The difficulty in assessing the United States' 7-0 rout over the Czech Republic in the world junior quarter-final Wednesday, is the same as it was in evaluating Canada's 4-1 victory over the Russians, which gave them top spot in the preliminary round and a bye directly into the semi-finals.
In both cases, the games were largely decided by special teams, which can be so fickle in these sorts of events. Against Russia, Canada moved out to an early lead, thanks to a major hitting from behind penalty the Russians took against defenceman Tyler Wotherspoon. Once ahead, Canada played a solid game defensively to keep the Russians from ever getting back into the contest.
Earlier today, the Czechs took a ridiculous number of penalties against the Americans, which permitted the U.S. to score five times with the man advantage – three by John Gaudreau – and it wasn't much of a contest beyond the first minute of the second period.
The U.S. is coached by Phil Housley, a familiar figure from his NHL playing days.

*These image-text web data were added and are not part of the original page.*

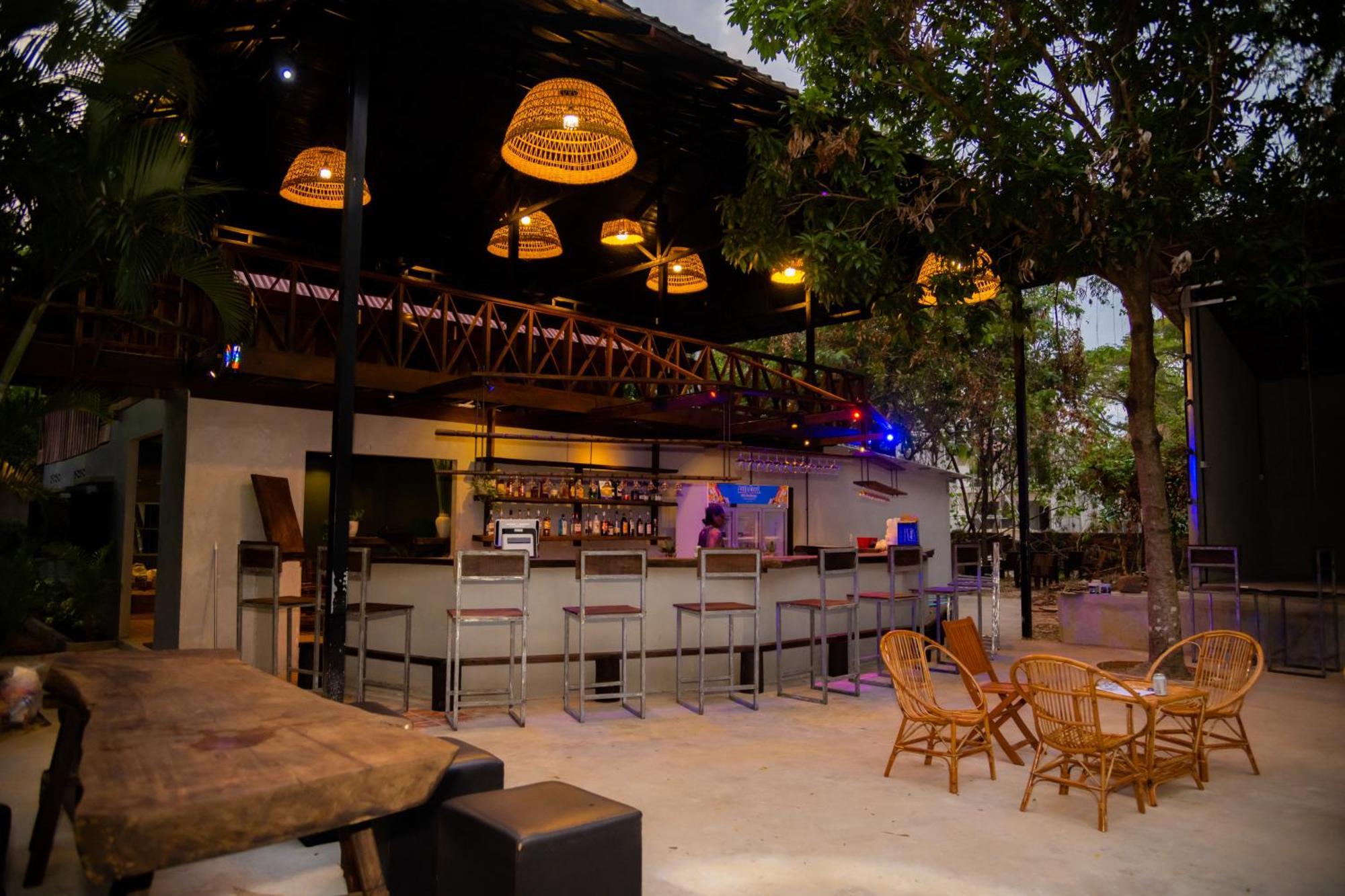 Banyan Tree Hostel Kampot Ngoại thất bức ảnh
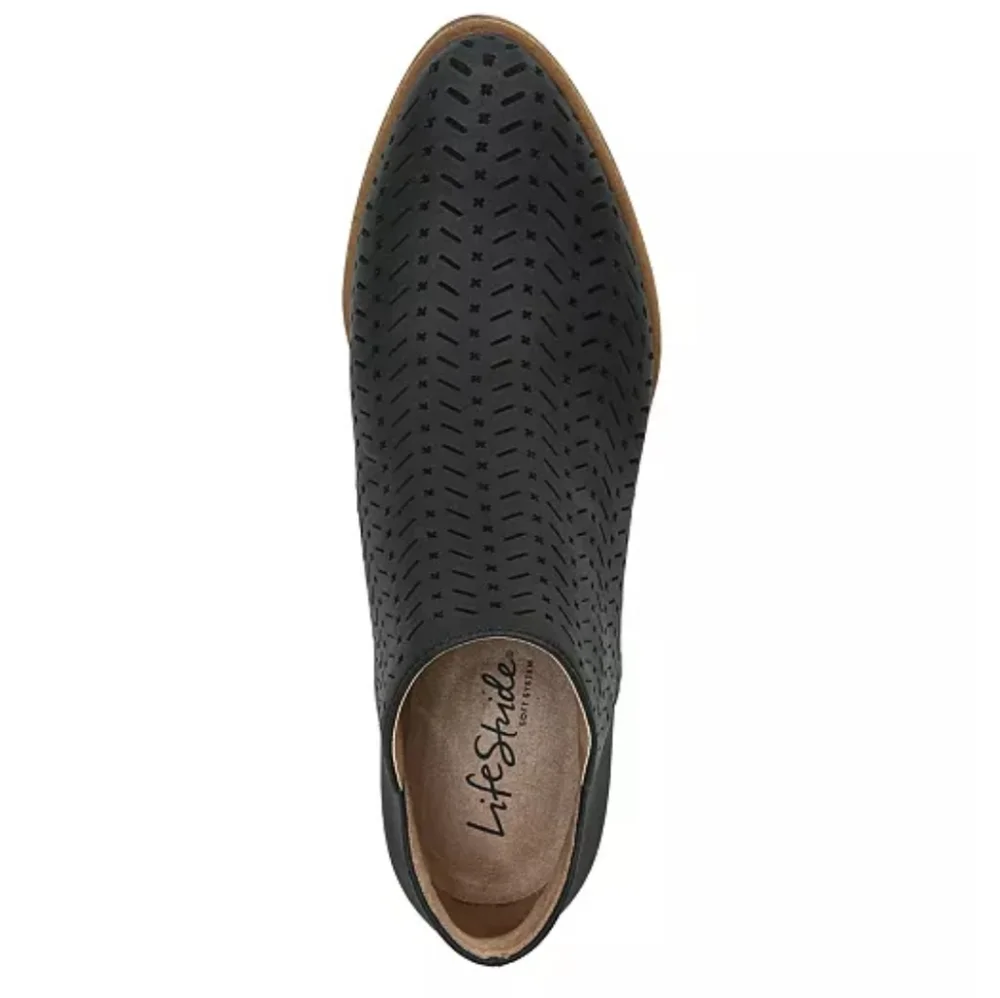 NWOT Life Stride Payton Booties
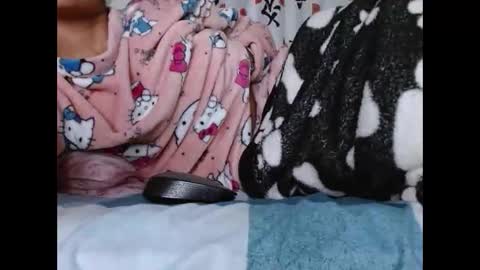 katasquirt357485 online show from April 25, 2:03 pm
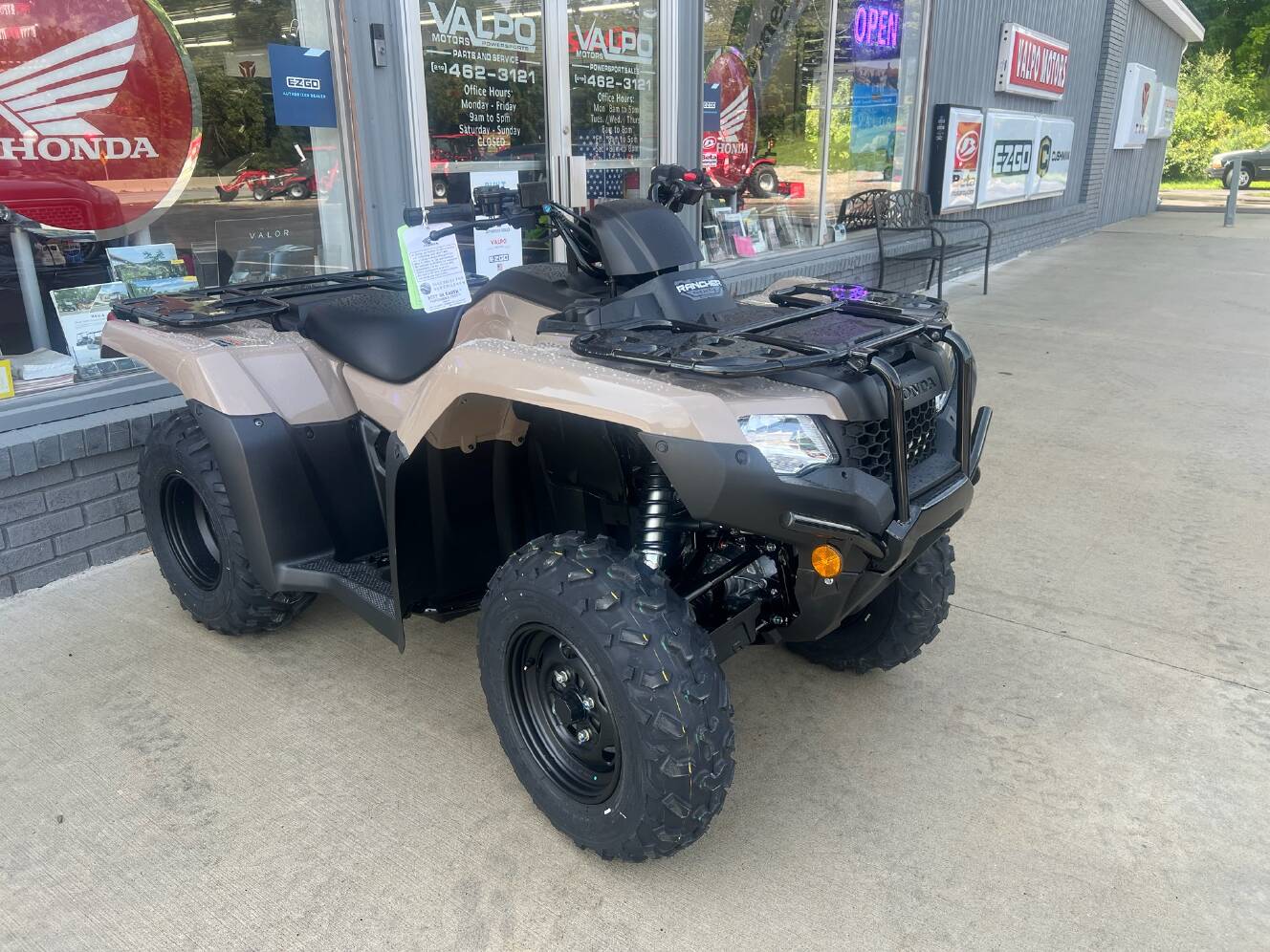 A photo of this 2027 Honda FourTrax Rancher 4x4 Automatic DCT EPS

Housley was an offensive whiz kid back in the day - excellent at making the first pass; very good at running the power play; but often a liability defensively because of the nature of NHL play during his career. In his dreams, Housley must surely ponder how he was born into the exact wrong era – and that he would have been far more suited to today's game, where positional play in front of the goal has replaced hacking and whacking as a defensive style, and you can get away without a physical dimension if you're small and clever with the puck.
But the lesson of Housley's playing days – make them pay for ill-advised penalties – has clearly sunk in on this American team, which was just 2-2 in the preliminary round, but thanks to the forgiving nature of the world junior format, can eliminate Canada with a win in Thursday's first of two semi-final games.
The U.S. also scored three power-play goals in their victory over the Slovaks to avoid the relegation round and scored its only goal in losses to Canada and the Russians with the man advantage.
It means game planning for this one is going to be easy for Canadian coach Steve Spott. If the Canadians can get their fore-check going; and force the U.S. into taking penalties, all the while staying out of the penalty box themselves, then you'd have to like their chances.
Gaudreau, the pint-sized Boston College winger and a Calgary Flames' draft choice, is the finisher on the power play. Gaudreau is listed at five-foot-six, which immediately makes you wonder what his NHL viability may eventually be, but anybody who watched Calgary play in their glory years will tell you that the same questions were also asked about Joey Mullen and Theo Fleury, both of whom went on to have special NHL careers.
Also emerging as a major force on the U.S. power play is the point man Jacob Trouba, the Winnipeg Jets' top pick in the 2012 entry draft. Trouba can unload bombs from the point, but has a huge physical presence as well. Comparisons to former world junior stars are inevitable because Trouba's skill set can remind you of the early Dion Phaneuf some times and of Shea Weber at others. The Jets have to like what they've seen so far of Trouba in terms of his development thus far.
Five-on-five, the greater American threat appears to be Alex Galchenyuk, the Russian-speaking, U.S. born centre, who has a little bit of that Evgeni Malkin ability to slice through the middle of the offensive zone, draw coverage towards him and then dish the puck off to an open winger. If both teams can stay out of the penalty box – unlikely really, considering how much speed they both have – then Galchenyuk has the ability to create something out of nothing, in the same way Ryan Nugent-Hopkins can for the Canadians.
The U.S. wasn't scoring many goals early in the tournament, but they got their confidence going by pounding 16 past the Slovaks and Czechs in successive game. Defensively, thanks to Anaheim Ducks' goaltending prospect John Gibson, who plays his junior hockey for Spott in Kitchener, they've been exceptional, surrendering just seven goals in five games.
The U.S. didn't even qualify for medal-round play last year in Alberta, while Canada lost to the Russians in a game they fell behind in early, and almost salvaged with a brilliant late rally. So redemption is at hand for either the six returning Canadian players or the three that are back for the U.S. – and ultimately, it will likely go to the team that demonstrates the greatest amount of poise and composure. The world junior tournament always requires a certain amount to get past the mostly meaningless preliminaries, but from here on in? It should be lots of fun to watch.